One area of Maneater that really impressed me was its mostly loading-free world and long environmental draw distance. Most of the time, transitioning between regions is seamless: the first time I saw a between-areas loading screen was after 10 hours of gameplay, so I initially thought that I’d broken something! On my One S, I only experienced loading screens if I travelled rapidly through the area where three regions meet.

Maneater is currently free to play through Game Pass. It has one paid DLC expansion, Truth Quest, which is set after the events of the main story and introduced via an epilogue mission at the end of the main story. Completionists, be warned that getting all of the achievements will require buying Truth Quest. Truth Quest is currently £12.50, and offers around 2-3 hours of gameplay in a new map. It contains new, more interesting, Apex predators, an extra set of evolutions for the shark, and two more mission types; time trials and tower destruction missions that focus on the shark’s projectile-rebounding ability.

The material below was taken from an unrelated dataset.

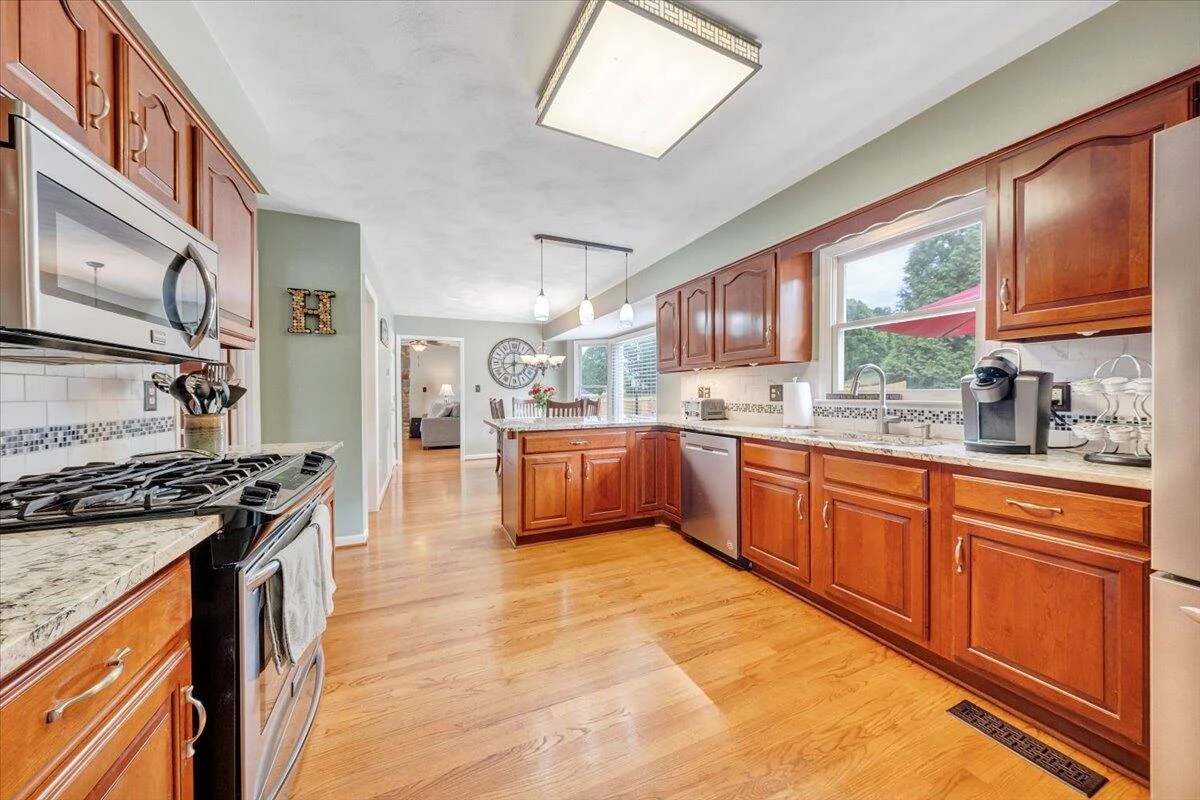 547 Highland  DR - Photo 20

Truth Quest adds some extra challenge to Maneater, but for me it was also the point where the repetitive missions started to wear away some of my enjoyment. However, I played Maneater through Game Pass. So for me, buying Truth Quest was effectively paying £12.50 for experiencing both the base game and DLC together. Using that rationale I’m happy with my purchase and I definitely got my money’s worth of time and fun. Unless you’re using similar logic to mine, I’d suggest hesitating before buying Truth Quest. Wait until you’ve finished the main story, then consider whether you want more of what you’ve just played with a few extras.

Overall

I initially didn’t warm to Maneater, as I found the shark pup stage too slow and too avoidance-based. However, when I gave Maneater a second chance I got into it much more, to the point where I then 100% completed the base game and the DLC. Part of why I enjoyed Maneater, and came back to it to try it again, is because of what it doesn’t do. It has no premium currencies, daily / weekly challenges, or season passes. You just buy the game, and then play it, without any intrusion on your time, any immersion-breaking interruptions from cash shops, or any requirement to play a specific way. It feels weird to need to compliment a game for letting me play it in peace, but I want to highlight that Tripwire’s decision to design Maneater as a buy-once game without any live service elements was a good call.

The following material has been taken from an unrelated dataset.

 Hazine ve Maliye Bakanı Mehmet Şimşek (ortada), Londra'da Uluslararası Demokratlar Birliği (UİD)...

Maneater goes into my Cool tier, as for me it was a solidly good experience: one with no major weak areas, but no peaks of excellence either. Although minor visual glitches are common, I didn’t experience any major faults or game-breaking issues during my~20 hours with the base game and DLC combined . When I reached shark-adulthood, and the shark began to feel like a truly powerful boss of the ocean rather than just another sea creature, the game was able to show off its strengths more effectively. Maneater is definitely at its best from level 20 onwards, once the pace of levelling increases, your mutations become more powerful, and your enemies get easier to deal with.

While the experience of being a shark with free reign to terrorise humans sounds like a one-note gimmick, its novelty lasts for longer than I expected. It also offers a good-looking map that contains plenty of collectibles and potential for exploration, without the time commitment required by full-scale RPGs or Assassins’ Creed-style collectathons. If you’re a Game Pass player, or a fan of open-world exploration games, I’d definitely recommend trying Maneater.